Le célèbre Canon episcopi, texte de droit canonique, qualifiait la croyance aux sorties nocturnes des femmes de simple illusion. La ligne reliant la strix romaine aux lois barbares, puis à ces prises de position ecclésiastiques, constitue l’une des préhistoires les plus importantes de la représentation ultérieure de la sorcière.
Le mot striga a connu une remarquable longévité dans les langues d’Europe du Sud-Est. En roumain s’en est développé strigă et surtout strigoi, une désignation pour un mort revenant ou un vivant doté d’une force surnaturelle malfaisante.
Le strigoi de la tradition populaire roumaine est une figure complexe : il y a le strigoi viu, le vivant, et le strigoi mort, le mort qui revient du tombeau, hante le bétail et les proches et leur dérobe leur force vitale.
Cette tradition a été documentée aux XIXe et XXe siècles par des folkloristes et a ensuite été intégrée aux recherches internationales sur le vampire. Le strigoi appartient aux représentations centre-est-européennes du revenant qui ont contribué à façonner l’image occidentale du vampire, même si la figure populaire est bien plus complexe que la figure littéraire.
Des termes linguistiquement apparentés se trouvent dans l’ensemble de l’espace balkanique, ce qui indique l’existence d’une couche commune ancienne. D’un point de vue scientifique et religieux, il est intéressant de noter qu’à travers cette histoire du mot se lit une longue évolution sémantique : de l’oiseau nocturne romain à la sorcière médiévale, jusqu’au revenant de l’époque moderne.

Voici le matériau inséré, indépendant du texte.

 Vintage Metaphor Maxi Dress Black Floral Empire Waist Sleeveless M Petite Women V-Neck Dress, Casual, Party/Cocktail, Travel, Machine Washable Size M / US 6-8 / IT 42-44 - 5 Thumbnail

Le mot est resté stable, tandis que la représentation s’adaptait aux angoisses et aux besoins d’explication de chaque époque. Qui compare la striga de l’Antiquité et le strigoi des villages roumains ne voit pas une figure identique, mais une ligne continue de transmission. Des représentations apparentées du mort suceur de sang se trouvent également dans le monde slave, notamment avec l’Upir.